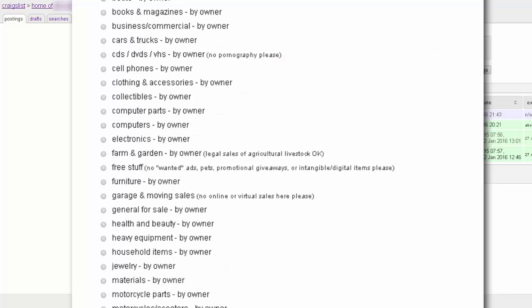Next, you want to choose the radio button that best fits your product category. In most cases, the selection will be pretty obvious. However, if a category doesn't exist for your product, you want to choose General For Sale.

---

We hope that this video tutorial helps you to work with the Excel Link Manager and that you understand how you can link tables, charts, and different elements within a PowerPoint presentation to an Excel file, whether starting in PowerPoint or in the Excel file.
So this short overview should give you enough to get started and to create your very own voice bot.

---

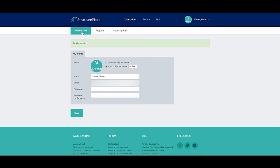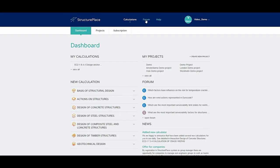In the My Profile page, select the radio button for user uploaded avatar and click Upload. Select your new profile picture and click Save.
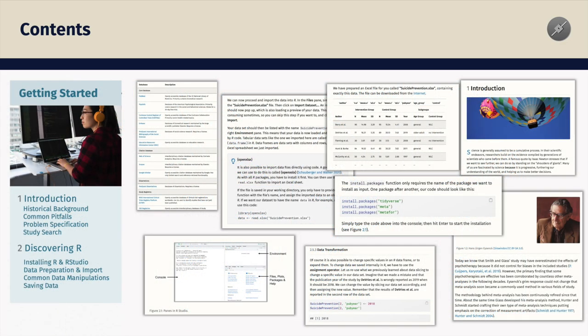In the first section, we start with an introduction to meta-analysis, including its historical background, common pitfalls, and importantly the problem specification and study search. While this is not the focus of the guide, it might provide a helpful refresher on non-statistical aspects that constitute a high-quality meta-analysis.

Your assignment: Please return the lines above that run from the line containing "We hope that" to the line containing "So this short", inclusive, exactly and with no other lines.

The answer:
We hope that this video tutorial helps you to work with the Excel Link Manager and that you understand how you can link tables, charts, and different elements within a PowerPoint presentation to an Excel file, whether starting in PowerPoint or in the Excel file.
So this short overview should give you enough to get started and to create your very own voice bot.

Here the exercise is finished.